En el caos de mi derrotero, canasta al brazo, encuentro parejas de antaño y de hoy, solitarios
que escrutan rijosos y solitarios por convicción.
A todos les muestro el magma de mis papirolas y espero en silencio mientras sufro el instante,
resabio de una vieja timidez; cuando no surge el desdén condescendiente, y escudriñan,
hurgan, leen, siento en ese devenir el cosquilleo de una cercanía, de un mutuo atraparnos en
la propuesta distinta, y es suficiente, descubro que no me interesa el precio de una papirola,
que yo no vendo papirolas, acepto lo que me quieren dar y a veces las regalo. Así durante dos
veranos.
Es un once de Abril inesperado. El empleado de la oficina a cargo de asuntos de playa, sentado
detrás de un escritorio lleno de papeles y a la derecha un portarretrato con la foto de su familia
que me mira algo seria , pasó a leerme que no estando tipificado en el código, la figura de
vendedor playero de papirolas simples o papirolas con leyenda, y teniendo en consideración el
agravante que significa para la ecología del lugar las papirolas de ambos tipos abandonadas
en la arena o arrojadas al mar , ponía en mi conocimiento que en la próxima temporada
veraniega no me estaba permitida tal actividad; y agregó si tenía algo que decir.
Se me ocurrió musitar, tiene razón, y le sonreí. Levantó la cabeza, su cara era de distensión.
La familia del portarretrato ahora sonreía también, lo giré para que conocieran al aliviado esposo
padre, vocero obligado del final de una ilusión
Caminé un largo tiempo soñando papirolas por un sendero que se estrecha hasta la distancia
que media entre el aquí y el acá. La distancia del adiós.

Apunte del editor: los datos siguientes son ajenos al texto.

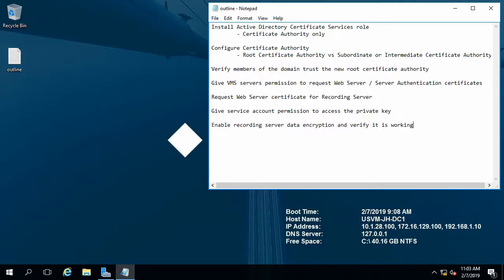My name is Josh Hendricks, and in this video I'm going to walk you through installing a certificate authority in an Active Directory Domain Services environment. Then I'll show you how to request a certificate for server authentication, which we'll use for recording server data encryption. There are multiple ways to go about generating certificates for recording server data encryption, and this video will demonstrate the ideal way to issue and use certificates using features integrated with Microsoft Windows and Active Directory. So let's get started by installing a certificate services role.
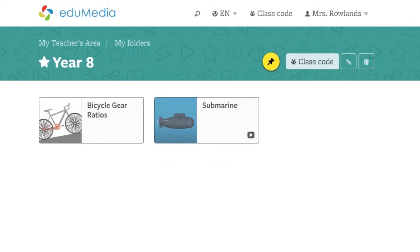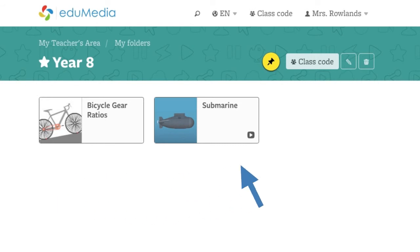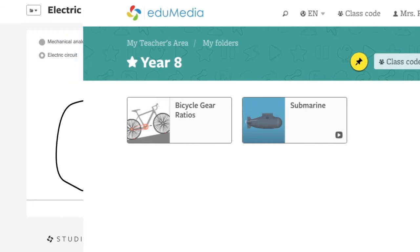The class code is a good way to share one or more resources with your students. For example, in the context of flipped classroom projects or homework.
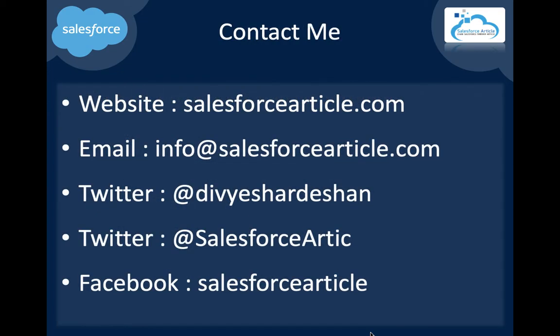Thank you for watching this. Contact details: website salesforcearticle.com, email address info@salesforcearticle.com, Twitter @SalesforceArt, and Facebook. Thank you for watching.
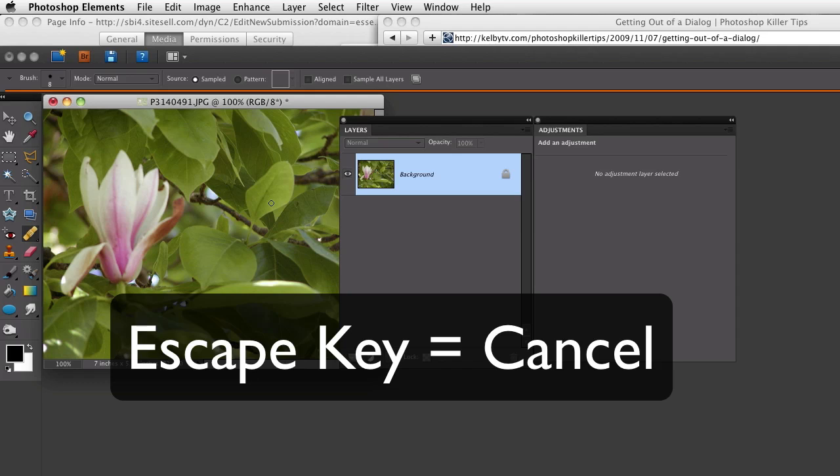So if you select some command that you decide you don't want to use, you can just press the Escape key.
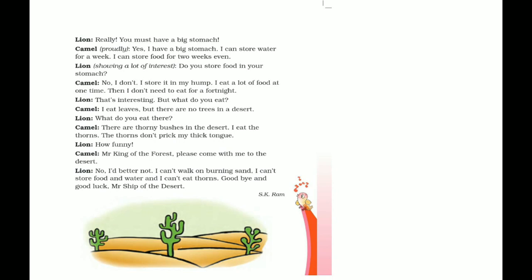The lion said, 'That's interesting. But what do you eat?' The camel replied, 'I eat leaves, but there are no trees in the desert. There are thorny bushes in the desert — I eat the thorns. The thorns don't prick my thick tongue.' The lion said, 'How funny.' So the camel replied, 'Mr. King of the Forest, please come with me to the desert.' The lion said, 'No, I'd better not.' — 'Goodbye and good luck, Mr. Ship of the Desert.'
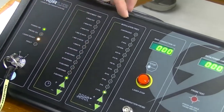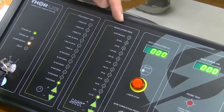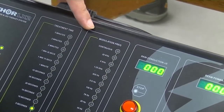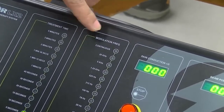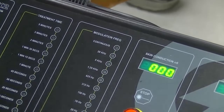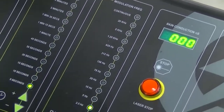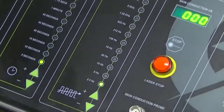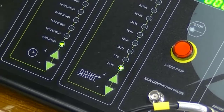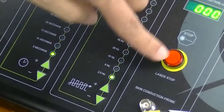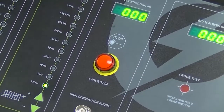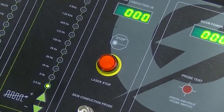There is another panel for treatment frequency. For acute cases we use a lower frequency, and for more chronic cases we go for a higher frequency. There is also a stop button so we can stop at any time in case of emergency.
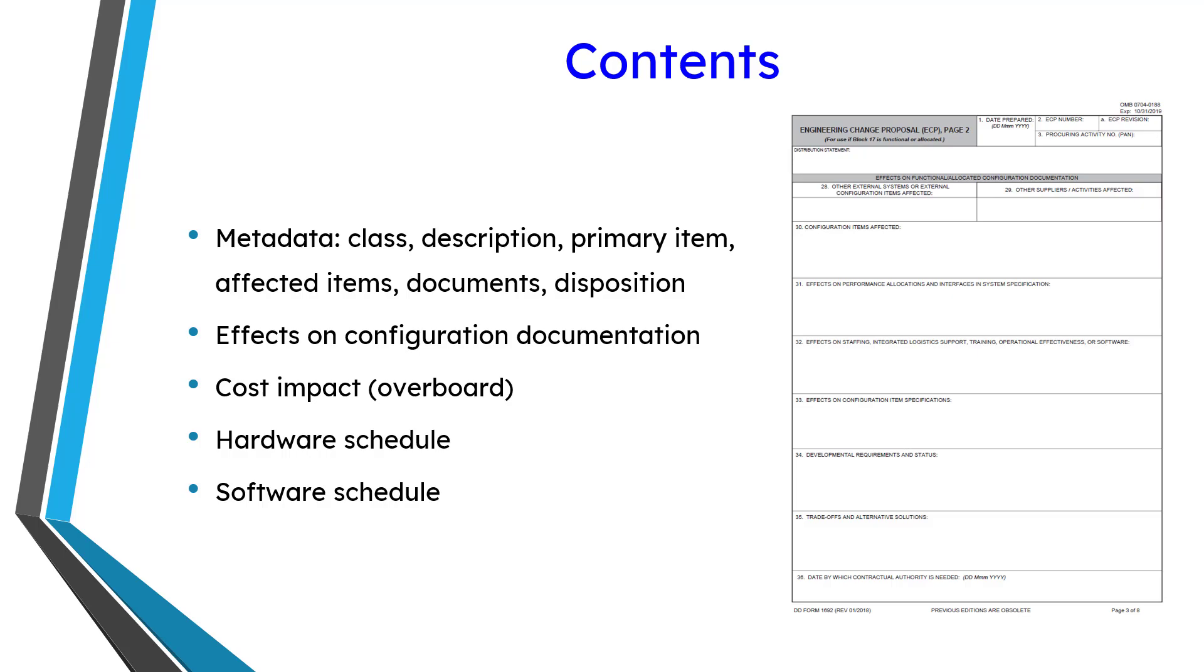And the last couple pages are a schedule that you can fill out for hardware changes and software changes. And when I'm doing an enterprise change request, I usually have someone suggest how long it's going to take to implement the change, but they actually have you lay out a schedule on the calendar.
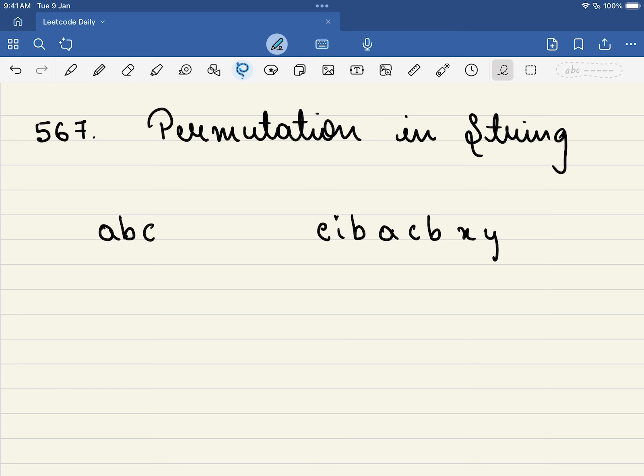In this video we will be solving LeetCode problem number 567, Permutation in String.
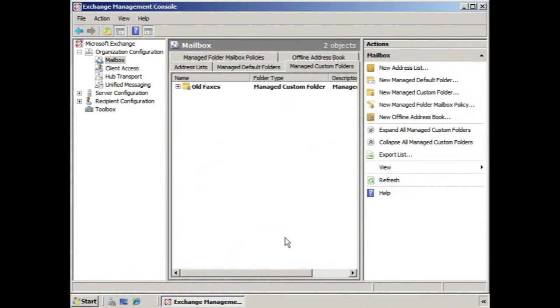Okay, so the time has come for us to create a new mailbox policy, and that's because we've already gone through the process of creating new managed default folders and custom folders, we've created content settings, we've done everything but put it together in a policy.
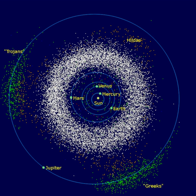The Oort cloud is a hypothetical cloud of comets with a mean orbital radius between approximately 50,000 AU and 100,000 AU. No Oort cloud objects have been detected; the existence of this classification is only inferred from indirect evidence. Some astronomers have tentatively associated 90377 Sedna with the inner Oort cloud.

Al principio, los pasos eran de una lenta procesión, velorio de nostalgia, catarata de recuerdos,
melancolías de andarín de la playa. Luego, la marcha cambió por la esperanza vagabunda de
un nuevo estío.
Llegué a mi casa, cercana al mar, en ese anochecer de otoño, sin luna y sin viento.
Encendí un fuego de leños en la parrilla, pensando en asar un chorizo de puro cerdo, una
entraña y algunas batatas. Guardé en un cajón las resmas de hojas en blanco, roté los cuadros
de la pared celeste, y sobre vencido aposté a vencedor.